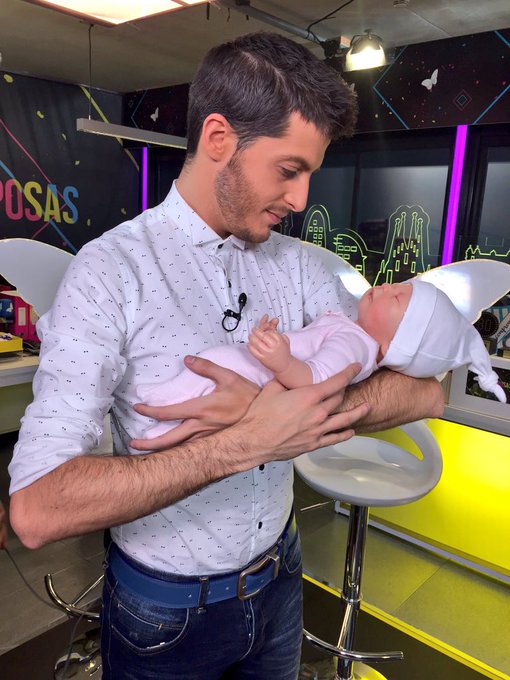 @NandoEscribano y mi hija reborn 😂😂 ahora mismo en @cazamariposastv https://t.co/WYdoZ27LJF<a class="tags" target="_blank" title="On Twitter" href="/?out=eyJ0eXAiOiJKV1QiLCJhbGciOiJIUzUxMiJ9.eyJpYXQiOjE3MjMwMjgyMDEsImlzcyI6InR3cG9ybnN0YXJzLmNvbSIsIm5iZiI6MTcyMzAyODIwMSwiZXhwIjoxNzU0NTY0MjAxLCJyZWRpcmVjdF91cmwiOiJodHRwczovL3R3aXR0ZXIuY29tL05hbmRvRXNjcmliYW5vIn0.jauT98knx3LyjdkB8BwxcKg86rwpn6udoJn_A7RsI9Ur6fkmjsW5zsaOtnMYfnuquqwjlRCMGb-z66Yva4X-cQ">@NandoEscribano</a>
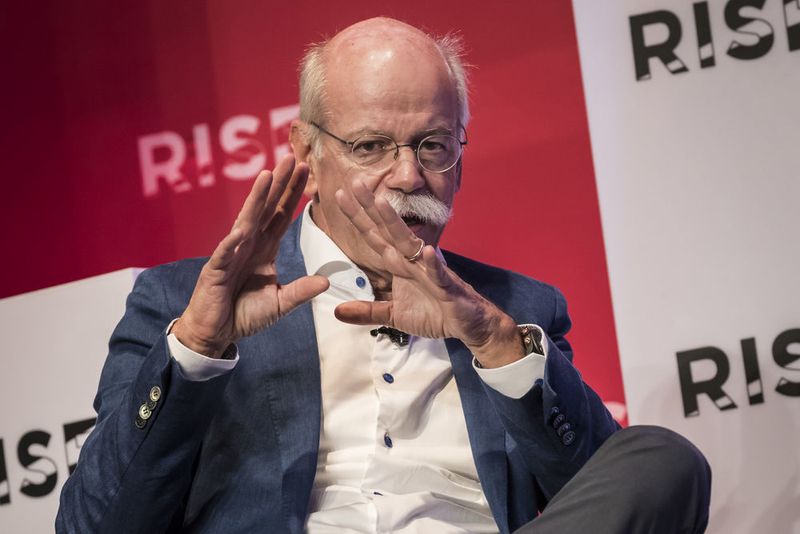 Von den Automanagern lag Daimler-Chef Dieter Zetsche 2017 am weitesten von seinen Mitarbeitern entfernt. Er verdiente das 171-Fache. (Daimler)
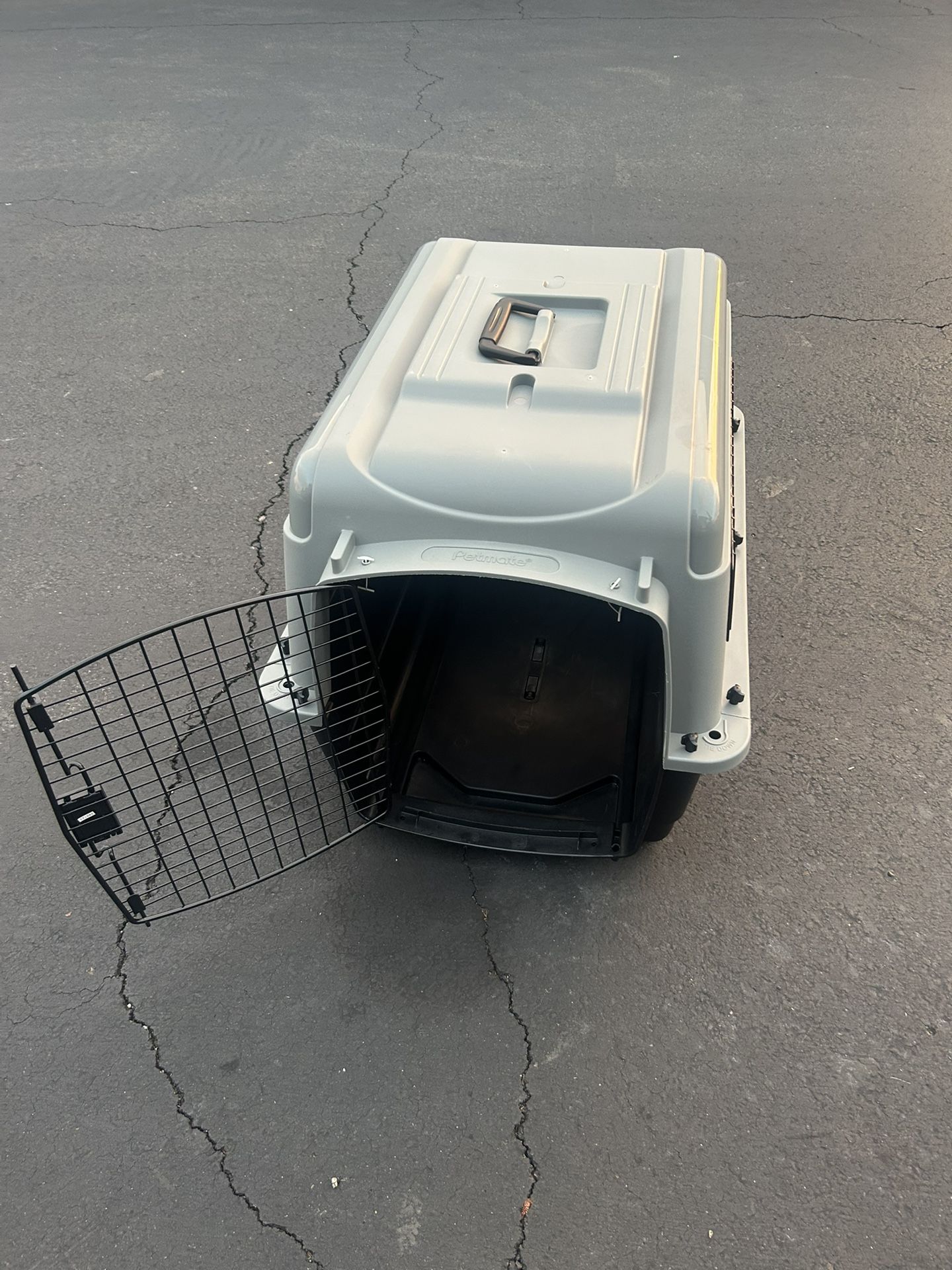 Pet Kennel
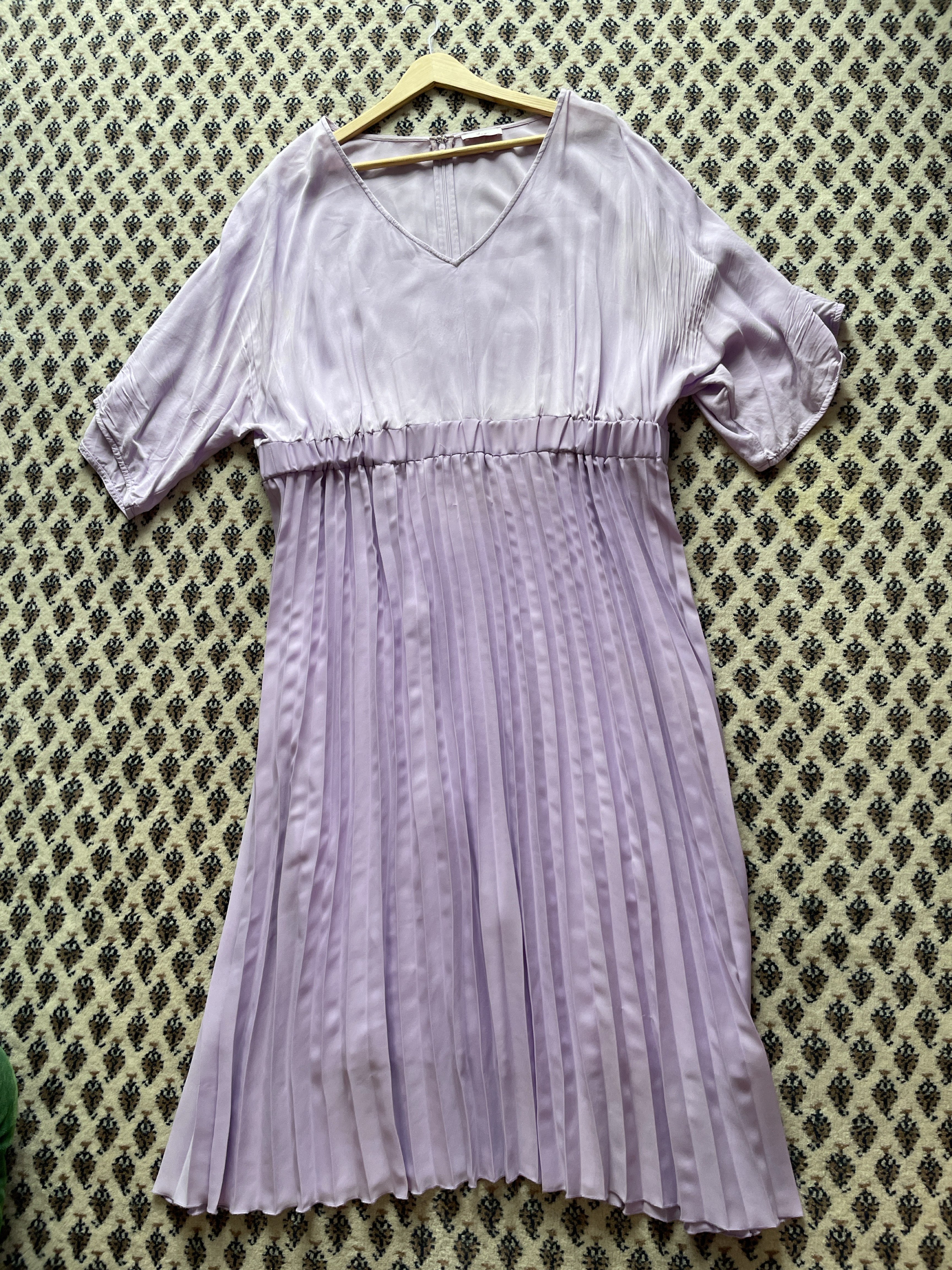 Fliederfarbenes Plissé-Midikleid mit elastischer Taille und V-Ausschnitt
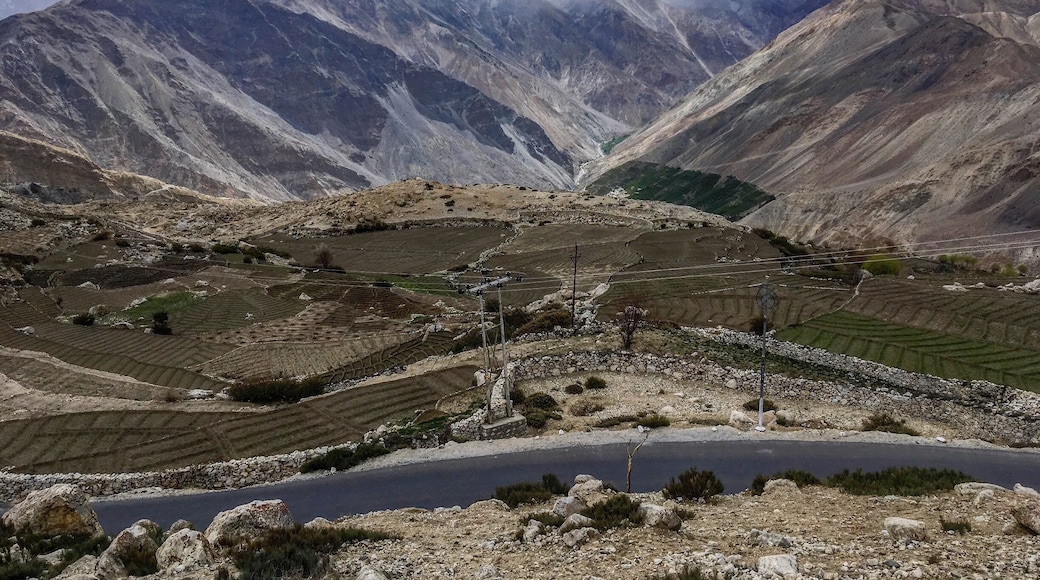 Some of the beautiful and breathtaking landscapes can be encountered while youâre doing a road trip #mountains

***

▶ YOUR TASK:
The task requires that every line above be transcribed exactly, without the images.

▶ SOLUTION TO THIS PROBLEM:
 @NandoEscribano y mi hija reborn 😂😂 ahora mismo en @cazamariposastv https://t.co/WYdoZ27LJF<a class="tags" target="_blank" title="On Twitter" href="/?out=eyJ0eXAiOiJKV1QiLCJhbGciOiJIUzUxMiJ9.eyJpYXQiOjE3MjMwMjgyMDEsImlzcyI6InR3cG9ybnN0YXJzLmNvbSIsIm5iZiI6MTcyMzAyODIwMSwiZXhwIjoxNzU0NTY0MjAxLCJyZWRpcmVjdF91cmwiOiJodHRwczovL3R3aXR0ZXIuY29tL05hbmRvRXNjcmliYW5vIn0.jauT98knx3LyjdkB8BwxcKg86rwpn6udoJn_A7RsI9Ur6fkmjsW5zsaOtnMYfnuquqwjlRCMGb-z66Yva4X-cQ">@NandoEscribano</a>
 Von den Automanagern lag Daimler-Chef Dieter Zetsche 2017 am weitesten von seinen Mitarbeitern entfernt. Er verdiente das 171-Fache. (Daimler)
 Pet Kennel
 Fliederfarbenes Plissé-Midikleid mit elastischer Taille und V-Ausschnitt
 Some of the beautiful and breathtaking landscapes can be encountered while youâre doing a road trip #mountains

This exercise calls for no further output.